While perusing the menus, you will spend a good bit of time looking at the LCD monitor (unless you elect to plug the camcorder into a TV), as the viewfinder is far too small for this sort of work. This offers a good chance to get familiar with the monitor. Using the monitor does cut into battery life, but it also makes filming a good bit easier, so most people will rely heavily on it. Following the well-established pattern for palm-held camcorders, the GR-D33's LCD monitor flips out perpendicular to the camera on the left and can be rotated freely around a swivel point. The range of rotation is from 90° down (so the screen faces the floor) to 180° up (so the screen faces forward). When rotated 180° up, the image flips over, making it appear upright to someone standing in front of the camera. While in this position, the screen can also be folded flat against the side of the camera. When folded flat, the latch partially engages, which worried me a bit the first time since the release is on the back of the screen at that point, but it doesn't fully engage and readily swings back out. This range of movement is standard for any modern palm-held camcorder, and the GR-D33 fortunately does not deviate from the standard.

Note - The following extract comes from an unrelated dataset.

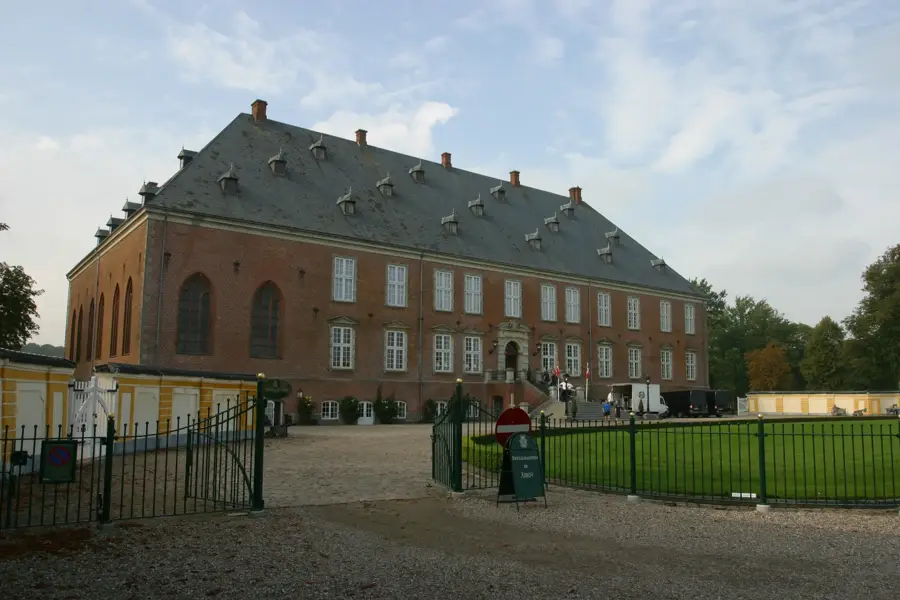 Tåsinge / Troense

JVC, like many manufacturers, often uses the same basic chassis for several different models, adding features to the core as you move up the product line. The GR-D33 is the most basic of three cameras to share this chassis, with the GR-D73 and GR-D93 adding features such as a USB interface, support for still photography to an SD or MMC card, a remote control, and a larger CCD chip for the GR-D93. The GR-D33 appears to retain the remote sensor shared with its bigger siblings, but does not include the remote itself. For most things, the remote is unnecessary as the camera is already in your hand, but there could be instances (mainly when playing back your recordings) where a remote control could be handy. I considered grabbing my universal remote and doing a little experimenting, but after skimming through the manual and doing a few searches at the Remote Central forums I was unable to turn up any likely codes to try. There are a number of VCR codes listed in my MX-500's manual, which I may try at some point. JVC's online store also sells replacement remotes for the GR-D73 and GR-D93 for a little over $16, so GR-D33 owners can pick up one if they want to.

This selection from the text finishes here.